__Aim of the task__
The response must restate the data exactly, with nothing left out.

[Extracted data entries]
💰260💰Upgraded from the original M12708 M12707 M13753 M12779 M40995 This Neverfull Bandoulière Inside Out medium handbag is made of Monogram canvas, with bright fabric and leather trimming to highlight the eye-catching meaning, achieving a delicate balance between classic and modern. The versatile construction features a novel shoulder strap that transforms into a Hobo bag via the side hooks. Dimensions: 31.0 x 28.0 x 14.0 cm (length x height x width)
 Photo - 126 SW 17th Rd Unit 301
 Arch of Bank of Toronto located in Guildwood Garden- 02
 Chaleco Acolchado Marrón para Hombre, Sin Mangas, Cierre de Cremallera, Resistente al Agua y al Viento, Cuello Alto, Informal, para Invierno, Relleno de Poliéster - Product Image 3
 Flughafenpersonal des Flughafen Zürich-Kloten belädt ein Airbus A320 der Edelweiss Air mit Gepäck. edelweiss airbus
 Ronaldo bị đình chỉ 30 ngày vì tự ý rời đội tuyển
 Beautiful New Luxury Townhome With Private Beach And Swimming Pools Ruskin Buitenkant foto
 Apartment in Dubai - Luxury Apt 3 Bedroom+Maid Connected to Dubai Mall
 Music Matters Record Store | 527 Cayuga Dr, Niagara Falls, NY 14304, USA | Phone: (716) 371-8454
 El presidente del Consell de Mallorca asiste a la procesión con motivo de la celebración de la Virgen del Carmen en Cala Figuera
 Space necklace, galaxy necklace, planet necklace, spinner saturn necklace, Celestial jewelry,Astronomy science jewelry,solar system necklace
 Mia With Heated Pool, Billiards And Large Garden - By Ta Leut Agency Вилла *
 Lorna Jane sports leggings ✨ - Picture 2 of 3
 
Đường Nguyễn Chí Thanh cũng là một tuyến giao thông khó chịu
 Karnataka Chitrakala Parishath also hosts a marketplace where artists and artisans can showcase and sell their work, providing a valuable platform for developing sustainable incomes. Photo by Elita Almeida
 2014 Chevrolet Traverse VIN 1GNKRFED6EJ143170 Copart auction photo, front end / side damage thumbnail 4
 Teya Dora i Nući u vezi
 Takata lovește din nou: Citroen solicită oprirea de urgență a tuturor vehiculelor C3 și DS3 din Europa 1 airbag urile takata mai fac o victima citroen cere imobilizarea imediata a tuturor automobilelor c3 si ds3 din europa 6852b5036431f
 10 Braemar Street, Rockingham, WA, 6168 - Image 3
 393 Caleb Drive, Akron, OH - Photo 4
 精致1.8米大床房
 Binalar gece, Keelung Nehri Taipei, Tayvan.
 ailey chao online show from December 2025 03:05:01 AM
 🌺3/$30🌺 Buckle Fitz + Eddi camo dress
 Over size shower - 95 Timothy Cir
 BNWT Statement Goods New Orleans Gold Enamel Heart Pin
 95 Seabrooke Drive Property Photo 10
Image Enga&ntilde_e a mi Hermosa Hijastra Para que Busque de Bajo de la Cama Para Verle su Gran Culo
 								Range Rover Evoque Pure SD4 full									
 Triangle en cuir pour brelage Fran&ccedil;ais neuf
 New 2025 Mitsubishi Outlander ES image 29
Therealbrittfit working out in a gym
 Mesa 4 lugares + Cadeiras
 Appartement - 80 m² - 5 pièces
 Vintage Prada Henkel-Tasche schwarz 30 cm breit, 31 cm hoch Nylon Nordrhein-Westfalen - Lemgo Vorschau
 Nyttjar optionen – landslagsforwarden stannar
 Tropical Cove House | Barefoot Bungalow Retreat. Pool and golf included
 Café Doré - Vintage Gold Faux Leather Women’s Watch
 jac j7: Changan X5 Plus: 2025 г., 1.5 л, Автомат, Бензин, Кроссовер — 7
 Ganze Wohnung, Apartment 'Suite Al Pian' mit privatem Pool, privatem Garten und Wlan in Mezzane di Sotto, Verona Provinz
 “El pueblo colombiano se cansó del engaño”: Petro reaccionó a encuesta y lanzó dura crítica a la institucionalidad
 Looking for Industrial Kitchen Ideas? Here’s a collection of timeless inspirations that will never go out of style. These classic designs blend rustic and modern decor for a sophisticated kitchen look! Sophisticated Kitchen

__Response to the task__
💰260💰Upgraded from the original M12708 M12707 M13753 M12779 M40995 This Neverfull Bandoulière Inside Out medium handbag is made of Monogram canvas, with bright fabric and leather trimming to highlight the eye-catching meaning, achieving a delicate balance between classic and modern. The versatile construction features a novel shoulder strap that transforms into a Hobo bag via the side hooks. Dimensions: 31.0 x 28.0 x 14.0 cm (length x height x width)
 Photo - 126 SW 17th Rd Unit 301
 Arch of Bank of Toronto located in Guildwood Garden- 02
 Chaleco Acolchado Marrón para Hombre, Sin Mangas, Cierre de Cremallera, Resistente al Agua y al Viento, Cuello Alto, Informal, para Invierno, Relleno de Poliéster - Product Image 3
 Flughafenpersonal des Flughafen Zürich-Kloten belädt ein Airbus A320 der Edelweiss Air mit Gepäck. edelweiss airbus
 Ronaldo bị đình chỉ 30 ngày vì tự ý rời đội tuyển
 Beautiful New Luxury Townhome With Private Beach And Swimming Pools Ruskin Buitenkant foto
 Apartment in Dubai - Luxury Apt 3 Bedroom+Maid Connected to Dubai Mall
 Music Matters Record Store | 527 Cayuga Dr, Niagara Falls, NY 14304, USA | Phone: (716) 371-8454
 El presidente del Consell de Mallorca asiste a la procesión con motivo de la celebración de la Virgen del Carmen en Cala Figuera
 Space necklace, galaxy necklace, planet necklace, spinner saturn necklace, Celestial jewelry,Astronomy science jewelry,solar system necklace
 Mia With Heated Pool, Billiards And Large Garden - By Ta Leut Agency Вилла *
 Lorna Jane sports leggings ✨ - Picture 2 of 3
 
Đường Nguyễn Chí Thanh cũng là một tuyến giao thông khó chịu
 Karnataka Chitrakala Parishath also hosts a marketplace where artists and artisans can showcase and sell their work, providing a valuable platform for developing sustainable incomes. Photo by Elita Almeida
 2014 Chevrolet Traverse VIN 1GNKRFED6EJ143170 Copart auction photo, front end / side damage thumbnail 4
 Teya Dora i Nući u vezi
 Takata lovește din nou: Citroen solicită oprirea de urgență a tuturor vehiculelor C3 și DS3 din Europa 1 airbag urile takata mai fac o victima citroen cere imobilizarea imediata a tuturor automobilelor c3 si ds3 din europa 6852b5036431f
 10 Braemar Street, Rockingham, WA, 6168 - Image 3
 393 Caleb Drive, Akron, OH - Photo 4
 精致1.8米大床房
 Binalar gece, Keelung Nehri Taipei, Tayvan.
 ailey chao online show from December 2025 03:05:01 AM
 🌺3/$30🌺 Buckle Fitz + Eddi camo dress
 Over size shower - 95 Timothy Cir
 BNWT Statement Goods New Orleans Gold Enamel Heart Pin
 95 Seabrooke Drive Property Photo 10
Image Enga&ntilde_e a mi Hermosa Hijastra Para que Busque de Bajo de la Cama Para Verle su Gran Culo
 								Range Rover Evoque Pure SD4 full									
 Triangle en cuir pour brelage Fran&ccedil;ais neuf
 New 2025 Mitsubishi Outlander ES image 29
Therealbrittfit working out in a gym
 Mesa 4 lugares + Cadeiras
 Appartement - 80 m² - 5 pièces
 Vintage Prada Henkel-Tasche schwarz 30 cm breit, 31 cm hoch Nylon Nordrhein-Westfalen - Lemgo Vorschau
 Nyttjar optionen – landslagsforwarden stannar
 Tropical Cove House | Barefoot Bungalow Retreat. Pool and golf included
 Café Doré - Vintage Gold Faux Leather Women’s Watch
 jac j7: Changan X5 Plus: 2025 г., 1.5 л, Автомат, Бензин, Кроссовер — 7
 Ganze Wohnung, Apartment 'Suite Al Pian' mit privatem Pool, privatem Garten und Wlan in Mezzane di Sotto, Verona Provinz
 “El pueblo colombiano se cansó del engaño”: Petro reaccionó a encuesta y lanzó dura crítica a la institucionalidad
 Looking for Industrial Kitchen Ideas? Here’s a collection of timeless inspirations that will never go out of style. These classic designs blend rustic and modern decor for a sophisticated kitchen look! Sophisticated Kitchen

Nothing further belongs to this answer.